LVwG-600496/16/KLE/SA

Linz, 15.12.2014

I M   N A M E N   D E R   R E P U B L I K

 

 

Das Landesverwaltungsgericht Oberösterreich hat durch seine Richterin Mag. Karin Lederer über die Beschwerde des Dr. S L, S, A, vertreten durch Rechtsanwalt Dr. S L, S, A, gegen das Straferkenntnis der Landespolizeidirektion Oberösterreich vom 31.7.2014, GZ: S-7404/14-4,

 

zu Recht   e r k a n n t :

 

I.          Gemäß § 50 VwGVG wird die Beschwerde als unbegründet abgewiesen.

 

II.         Gemäß § 52 Abs. 1 und 2 VwGVG hat der Beschwerdeführer einen Beitrag zu den Kosten des Beschwerdeverfahrens in der Höhe von 18 Euro zu leisten.

 

III.        Gegen dieses Erkenntnis ist gemäß § 25a VwGG eine Revision des Beschwerdeführers an den Verwaltungsgerichtshof nach Art. 133 Abs. 4 B-VG nicht zulässig; für die belangte Behörde ist gemäß § 25a VwGG eine ordentliche Revision an den Verwaltungsgerichtshof nach Art. 133 Abs. 4   B-VG unzulässig.

 

 

 

 

 

 

 

 

 

 

E n t s c h e i d u n g s g r ü n d e

I.             Die Landespolizeidirektion Oberösterreich hat mit Straferkenntnis vom 31.7.2014, GZ: S-7404/14-4 folgenden Spruch erlassen:

„Sie haben am 08.11.2013 um 13:40 Uhr in Linz, A7, StrKm 1,500, Fahrtrichtung Linz das KFZ, Kz: X gelenkt und auf einer Richtungsfahrbahn in einem Abschnitt mit mindestens zwei Fahrstreifen eine bereits gebildete Rettungsgasse benützt, obwohl Sie kein Einsatzfahrzeug oder ein Fahrzeug des Straßendienstes bzw. Pannendienstes lenkten.

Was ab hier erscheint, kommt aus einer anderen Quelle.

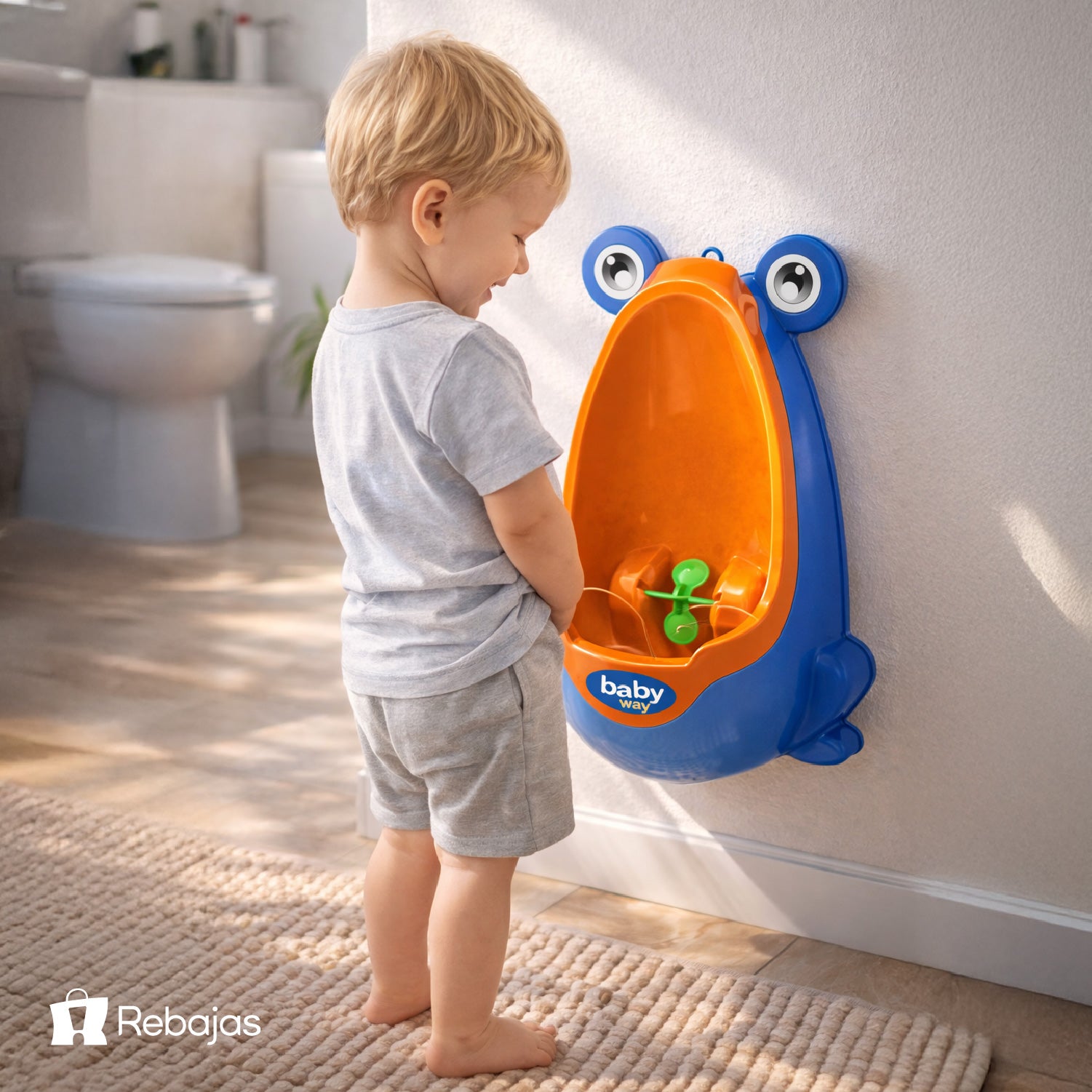 Urinal Infantil Baby Way Azul Ajustable con Diseño Interactivo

Sie haben dadurch folgende Rechtsvorschrift verletzt: § 46 Abs. 6 StVO.

Wegen dieser Verwaltungsübertretung wird über Sie folgende Strafe verhängt:

Geldstrafe von 90 Euro, falls diese uneinbringlich ist, eine Ersatzfreiheitsstrafe von 42 Stunden gemäß § 99 Abs. 3 lit. a StVO.

Ferner haben Sie gemäß § 64 des Verwaltungsstrafgesetzes (VStG) zu zahlen:

10 Euro als Beitrag zu den Kosten des Strafverfahrens, das sind 10% der Strafe, mindestens jedoch 10 Euro.

Der zu zahlende Gesamtbetrag (Strafe/Kosten/Barauslagen) beträgt daher 100 Euro.“

 

Gegen dieses Straferkenntnis richtet sich die rechtzeitig eingebrachte Beschwerde, mit der beantragt wurde,

„1. dem Rechtsmittel Folge zu geben, eine Berufungsverhandlung anzuberaumen, das erstinstanzliche Straferkenntnis ersatzlos aufzuheben und das gegen mich eingeleitete Strafverfahren einzustellen;

2. hilfsweise das Verfahren auf Grund der Folgenlosigkeit des zu vernachlässigenden Verschuldens gemäß § 25 Abs. 3, 34 und 45 Abs. 1 VStG (vormals § 21 VStG) bei einer Ermahnung bewenden zu lassen.“

Weiters wurden folgende Beweismittel beantragt:

„- Abhalten eines Lokalaugenscheines,

- Einvernahme der Zeugen A H und Mag. R B,

- Einholung eines Gutachtens durch einen Sachverständigen zur Abgrenzung und Erkennbarkeit von zähem und stockenden Verkehrsaufkommen,

- Einholung einer Auskunft aus der Verkehrsstauzentrale

- Einholung von Videoaufnahmen der A zum Verkehr auf der A7 am 8.11.2013 im Zeitraum 13.00 – 14.00 Uhr,

- meine ergänzende Einvernahme als Partei.“

 

Begründend wurde folgendes ausgeführt:

„I. Wie sich aus dem Spruch des angeführten Straferkenntnisses ergibt, werde ich verdächtigt, am 8.11.2013 um 13.40 Uhr in Linz, A7, StrKm 1,500, Fahrtrichtung Linz, das KFZ X gelenkt und auf einer Richtungsfahrbahn in einem Abschnitt mit mindestens zwei Fahrstreifen unberechtigterweise eine bereits gebildete Rettungsgasse benützt zu haben.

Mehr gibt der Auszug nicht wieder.